Un « aujourd’hui » qui vaut toujours… aujourd’hui


Cf. Kierkegaard et la contemporanéité avec l’Absolu — manifesté en Christ.


Sur Exercice en christianisme. Citation de Daniel Vidal, « Søren Kierkegaard, Exercice en christianisme », Archives de sciences sociales des religions, 140, 2007 (extraits) :

Le christianisme est « l’Absolu », et c’est à cet Absolu que le croyant est invité à se confronter. Par quelles voies, avec quelles armes ? En se portant contemporain du Christ : « Aucune parole de Christ, pas même une seule, tu n’as le droit de te les approprier, tu n’as pas la moindre part en lui, pas la plus éloignée des communautés avec lui, si tu n’es pas contemporain avec lui dans son abaissement ». Être du même « temps », ce temps de l’irruption du scandale [l'Incarnation], quand rien encore n’est avéré, ni accompli, mais que tout est déjà joué, que tout apparaît « absurde », et que cet « absurde » est marque d’ « extraordinaire » : « Que Dieu ait vécu ici sur terre comme un homme singulier, c’est infiniment extraordinaire. Si cela n’avait eu strictement aucune conséquence, ce serait la même chose, cela resterait parfaitement extraordinaire, infiniment extraordinaire ». Être en exacte contemporanéité avec cet événement au revers de tout ordre, conditionne une nouvelle, et à proprement parler, intransitive, conception du temps. « Par rapport à l’absolu, il n’y a qu’un seul temps, le présent ». Christ ? : « Une personne au plus haut point anhistorique » : si l’histoire dit « ce qui s’est réellement passé », et si l’on applique cette formule au christianisme, on rend impensable du même coup le temps de la pure présence, et donc sans cesse recommencée, de l’« événement christique ».

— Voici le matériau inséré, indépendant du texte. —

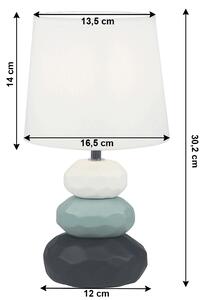 KONDELA Lampă de masă, alb / albastru / negru, LENUS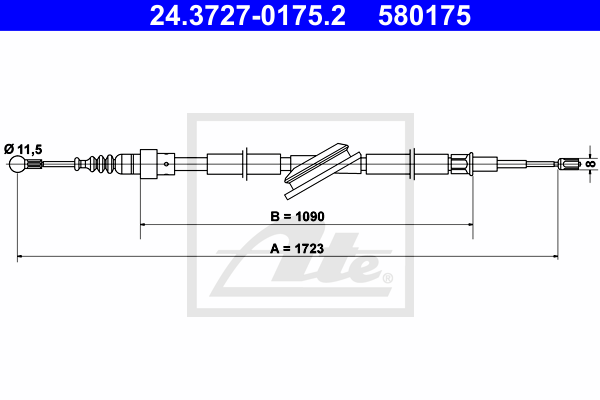 Cablu, frana de parcare 24.3727-0175.2 ATE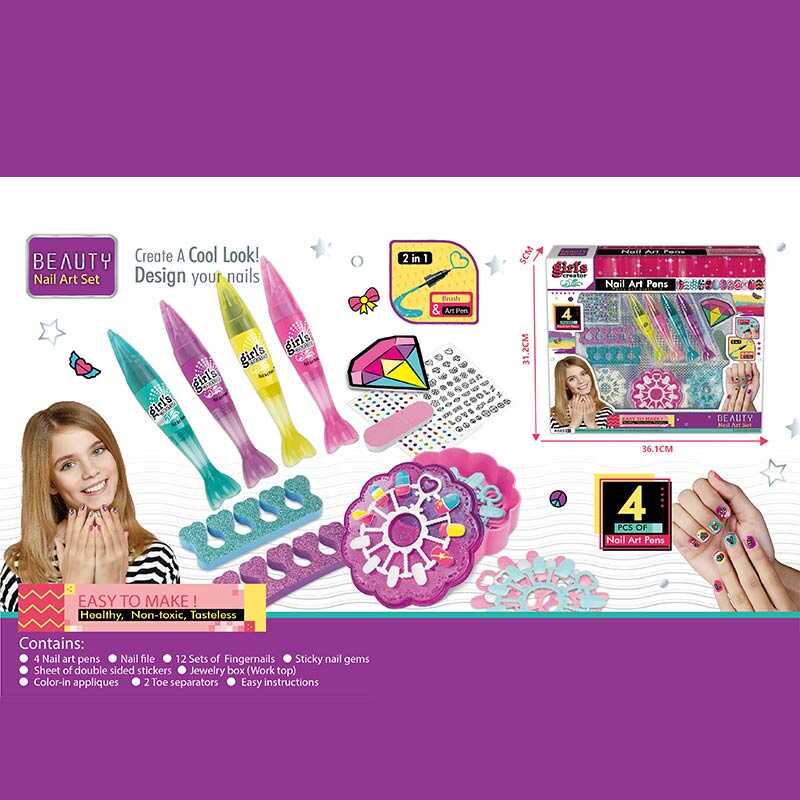 Манікюрний набір MBK 397 (36/2) накладні нігті, лаки, пилочки, розділювачі для пальців, слайдери, наліпки, шкатулка, в коробці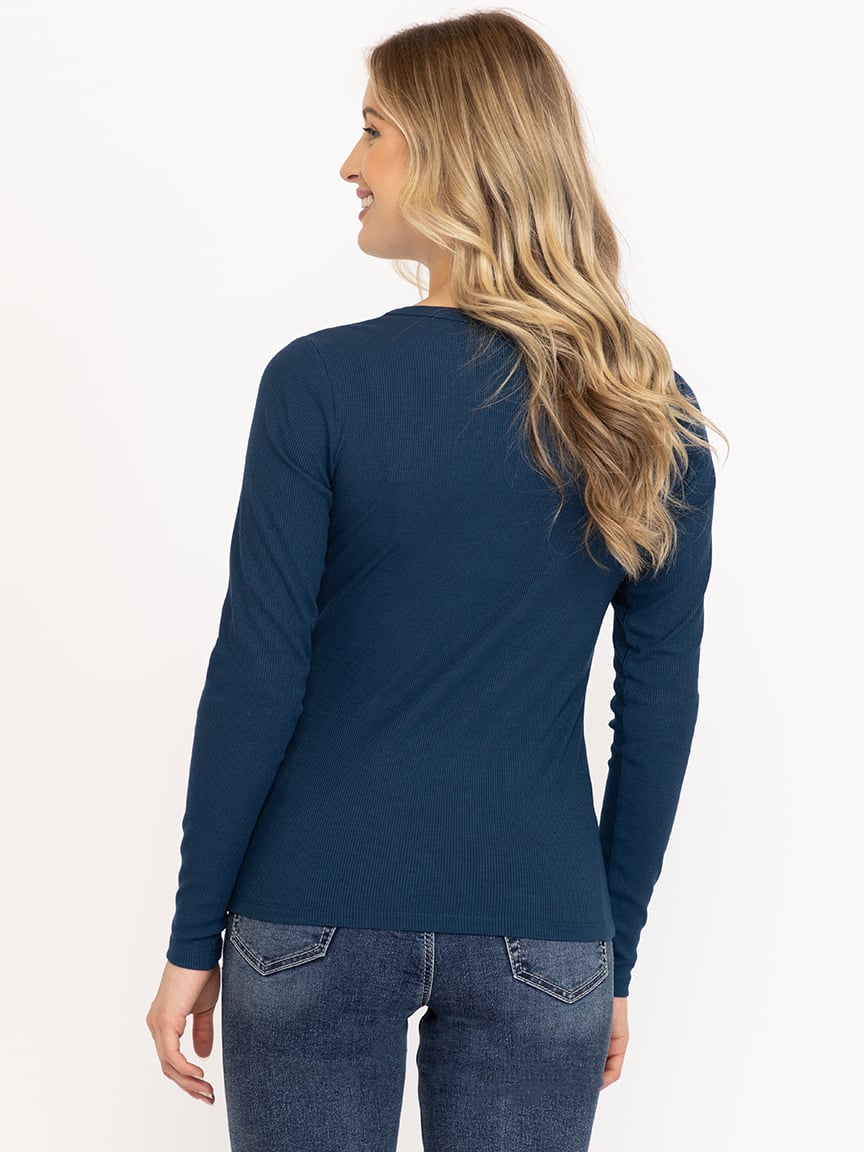 Women's Rib Crew Neck Long Sleeve Tee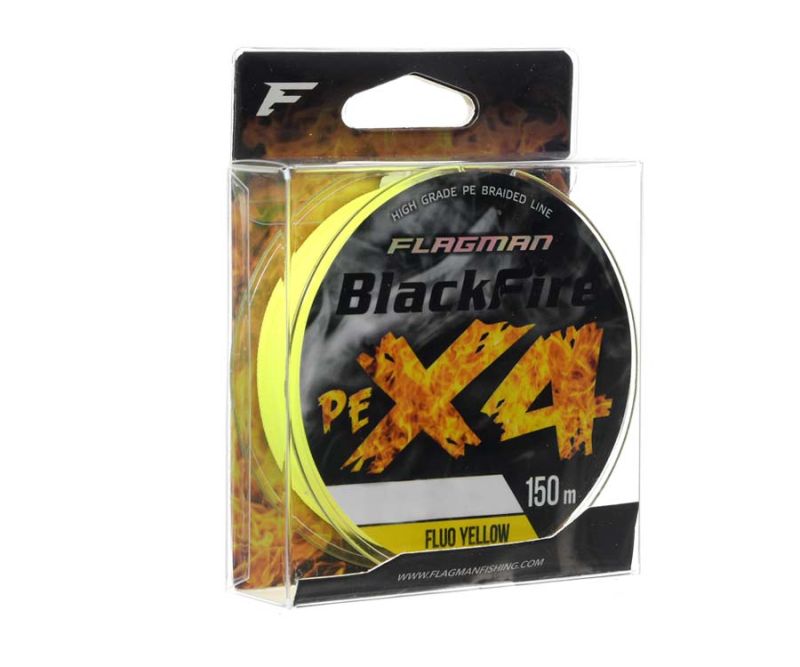 Шнур Flagman BlackFire PE X-4 150м Fluo Yellow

Si, comme il en va dans l’Exercice, ne peut véritablement comprendre que celui qui se fait « contemporain » de son « objet » — l’homme-Dieu ici, là cet autrui singulier, là encore tous les autruis —, alors cette exigence de contemporanéité induit un « rapport à la vérité où chacun “recommence à zéro” ».



Sur Miettes philosophiques. Citation de Hélène Politis, Le vocabulaire de Kierkegaard (extrait) :

C'est comme croyant que le disciple se rapporte « à ce maître-ci » (Mi, SV3 VI, p. 58-59/0C VII, p. 58). [...] Le contemporain et le non-contemporain rencontrent exactement la même difficulté. Nul n'a le moindre privilège comparé à l'autre ni le contemporain parce qu'il aurait vu personnellement l'événement, ni le non-contemporain parce qu'il pourrait être mieux documenté sur les circonstances et les conséquences historiques, ou encore parce qu'il serait meilleur théologien. On ne reçoit pas la foi de seconde main [ :] tout croyant est disciple de première main, tout croyant, en tant que tel, est contemporain de l'événement christique.


*

« Rachetez le temps » ( Ep 5:16 ; Col 4:5)

Une façon de comprendre le temps — celui qui passe — nous empêcherait d'en parler plus longtemps que cet autre temps — la pluie et le beau temps — : il s'agit de la façon de le comprendre comme un fleuve qui coule. Sous cet angle, le fameux « rachetez le temps », est tout simplement incompréhensible — ce rachat du temps devenant rattrapage de temps perdu : « on ne rattrape pas le temps perdu ».

Si cela a un sens, c’est qu’il y a un autre temps, où « mille ans sont comme un jour », d’où se « rachète » le temps, comme on sort quelqu’un d’un fleuve. « Béni soit celui qui vient » parmi nous… depuis le « plus haut des cieux » (Mt 21, 9), depuis hors du fleuve de ce temps.

Notre temps, notre maintenant, est appelé à être sauvé, racheté — car notre temps se corrompt, contrairement au temps éternel, inauguré ici-bas dans la résurrection du Christ, selon le temps céleste où un jour est comme mille ans et où mille ans sont comme un jour. L’Écriture nous invite à revêtir en Jésus Christ l’incorruptibilité où le temps cesse d’être perte.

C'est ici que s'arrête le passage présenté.